Open fuse314 opened 1 year ago
I sent a note to this effect as well. reducing the repo to JUST the needful results in a collection which consumes about 26MB.
what I propose is creating a new 'blowfish core' as an isolated repo minus the examplesite, public, dirs... and the related git history and importing that... I'd proposed it as a thing that would coincide with the breaking change in I proposed here: https://github.com/nunocoracao/blowfish/discussions/936 seeing as implementing this would require a major version bump anyways, it felt like a "good" time to do something drastic like this... but yeah.... >700mb to 20mb is... substantially different performance-wise in the ci universe
+1 for reducing the repo. It's really the pain, 700mb for theme!
+1 for optimizing the repo's size, especially since the upstream version in Congo is <40 MB whereas Blowfish's is nearly 750MB.
Basically all of the bloat is due to this project's additions to exampleSite
and public
.
EDIT (2024-07): A sparse clone that excludes these extraneous files takes <2 MB of network activity, <1 second to clone/checkout, and only a few MB of disk usage.

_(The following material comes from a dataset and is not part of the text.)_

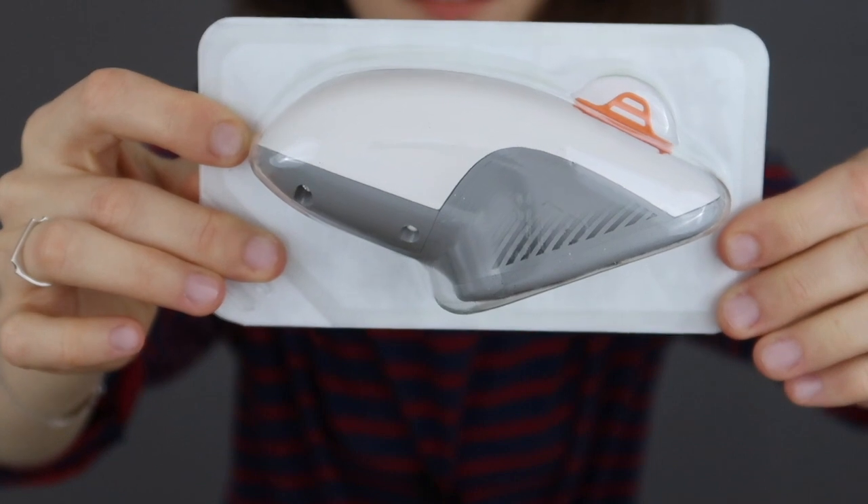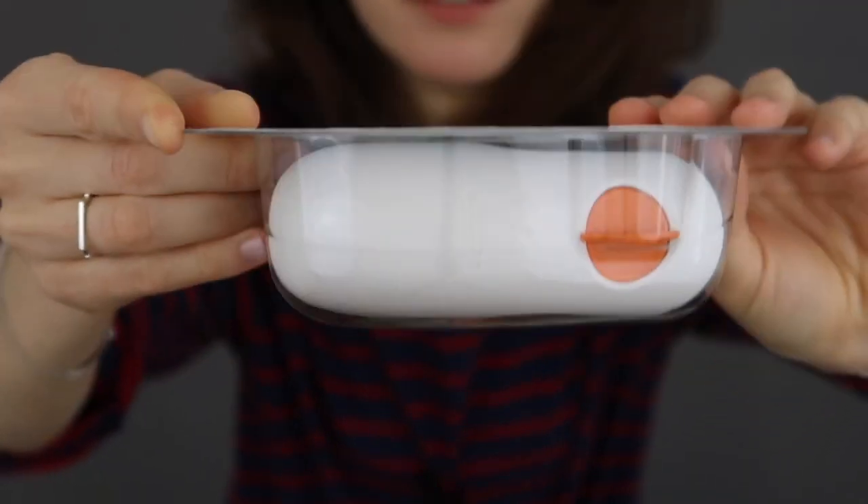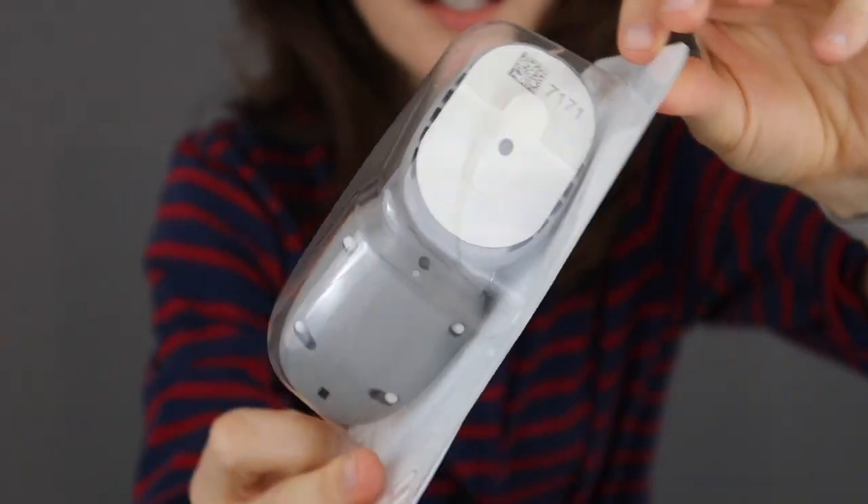So here we go — wow! That is how the inserter, which already has the sensor in it, that's how it all comes packed.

git clone --filter=blob:none --no-checkout --depth=1 --sparse https://github.com/nunocoracao/blowfish.git
cd blowfish
printf '/*\n!exampleSite/*\n!images/*\n!assets/img/*\n!blowfish_logo.png' > .git/info/sparse-checkout
git checkout
It would be a better approach to transfer exampleSite
and public
to a new repo.
technically false… because the .git directory/history remains in the repo, and that’s >half the problem.
extracting the core to a new repo would be the least painful way to address that.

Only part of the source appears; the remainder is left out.